TASK INPUTS Start Marker
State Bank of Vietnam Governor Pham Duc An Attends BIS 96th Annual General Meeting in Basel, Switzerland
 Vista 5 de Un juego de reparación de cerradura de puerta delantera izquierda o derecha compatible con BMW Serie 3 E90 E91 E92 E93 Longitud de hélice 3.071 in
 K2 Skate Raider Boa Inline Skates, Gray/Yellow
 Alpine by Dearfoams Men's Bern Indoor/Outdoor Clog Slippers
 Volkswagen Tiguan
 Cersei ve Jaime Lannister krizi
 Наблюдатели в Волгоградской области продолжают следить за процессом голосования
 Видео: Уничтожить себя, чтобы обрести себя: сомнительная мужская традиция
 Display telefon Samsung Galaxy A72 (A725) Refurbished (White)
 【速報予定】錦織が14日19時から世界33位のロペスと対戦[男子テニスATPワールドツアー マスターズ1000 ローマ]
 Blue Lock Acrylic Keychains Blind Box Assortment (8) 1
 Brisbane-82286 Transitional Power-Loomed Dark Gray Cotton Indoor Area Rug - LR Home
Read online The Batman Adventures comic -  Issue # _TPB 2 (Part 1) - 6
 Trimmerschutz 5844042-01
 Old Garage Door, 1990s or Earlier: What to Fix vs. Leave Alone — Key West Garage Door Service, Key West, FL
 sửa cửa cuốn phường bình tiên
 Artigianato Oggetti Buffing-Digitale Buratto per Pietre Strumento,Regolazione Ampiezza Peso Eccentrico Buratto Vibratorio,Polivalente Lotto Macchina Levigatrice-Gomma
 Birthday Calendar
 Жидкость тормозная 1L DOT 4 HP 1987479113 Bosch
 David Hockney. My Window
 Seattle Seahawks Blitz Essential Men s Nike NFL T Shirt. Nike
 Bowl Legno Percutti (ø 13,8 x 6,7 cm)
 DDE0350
TASK INPUTS End Marker
Each line above that has the word "Gray" should be copied.

### REPLY
 K2 Skate Raider Boa Inline Skates, Gray/Yellow
 Brisbane-82286 Transitional Power-Loomed Dark Gray Cotton Indoor Area Rug - LR Home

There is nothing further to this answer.